Die Transkription lautet:

[en marge : Mauricii]
Item visitarunt altare Sancti Mauricii eadem die, fondatum per dominum Johannem de Montsalvens, in quo sunt duo capellani qui tenentur omni die celebrare alternatis vicibus habent nunc domini Nicodus Pillet et Guillelmus Archerii, presbiteri, et tenentur interesse magne misse meridiei et completoriorum.
Prefatus dominus Nicodus est absens nec comparuit.
Primo, visitarunt predictum altare, quod bene stat cum suis ornamentis, calice argenti et chanetis acque missali.
Item predictus dominus Guillelmus Archerii, interrogatus quantum percipiat annuatim de redditibus dicti altaris, dixit se [biffé : nescire] nichil percipere.
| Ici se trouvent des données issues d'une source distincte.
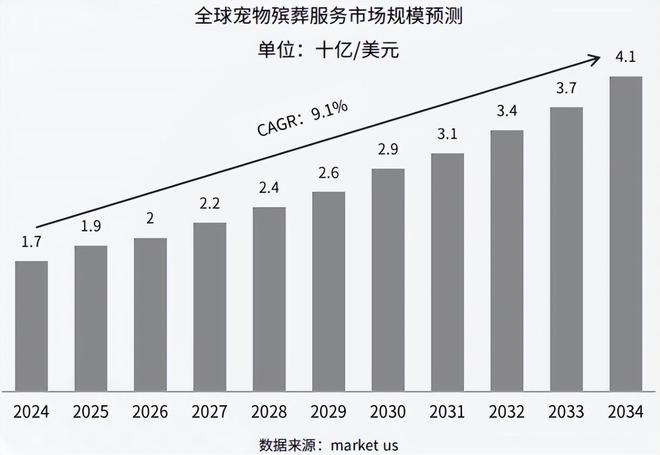 “毛孩子”的身后事里藏着大生意(图9)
Interrogatus quod missas celebrat in ebdomada, dixit quod ter vel quater in anno tamen.
Et fuit sibi iniunctum quod infra quindecim dies faciat fidem de institutione.
Item quod veniat socius suus, videlicet prefatus dominus Nicodus Pillieti, infra id tempus.
Item quod ipsi simul faciant religari missale dicti altaris.
Übersetzung:

[Saint-Maurice]

De même, ils visitèrent l’autel Saint-Maurice le même jour (22 juin), fondé par le seigneur Jean de Montsalvens, pour lequel sont [astreints] deux chapelains tenus de célébrer chaque jour en alternance l’un de l’autre, à savoir les seigneurs Nicod Pilliet et Guillaume Archer, prêtres, et tenus d’assister à la grande messe de midi et à l’office de complies.

Le dénommé Nicod est absent ou ne s’est pas présenté.

Premièrement, ils visitèrent ledit autel, qui se présente bien avec ses ornements, son calice en argent et ses burettes ainsi que le missel.

De même, le dénommé Guillaume Archer, interrogé au sujet de ce qu’il perçoit annuellement des rentes dudit autel, dit ne rien recevoir [biffé : ne pas savoir]. Interrogé sur le nombre de messe qu’il récite dans la semaine, il dit qu’il en récite trois ou quatre, mais dans l’année.

Et il lui a été imposé de faire foi de son institution dans les quinze jours.

Et que son associé, Nicod Pilliet, se présente [à nous] dans ce laps de temps.

Et qu’ils fassent relier tous deux le missel dudit autel.

La notice concernant la visite de l'autel Saint-Maurice montre quels peuvent être le laisser-aller auxquels sont parfois confrontés les commissaires: ici, on remarque que l'un des chapelains, sensé célébrer des messes hebdomadaires, se contente de 3 ou 4 messes au cours de l'année, témoignant d'un certain abandon de l'autel. Les sources signalent par ailleurs très rarement cet autel et les services qui y ont lieu. En 1529, lors d'une autre visite conservée, il n'apparait pas dans la liste. Par ailleurs, on demande aux chapelains de faire relier le missel qui était probablement dans un état de conservation inquiétant.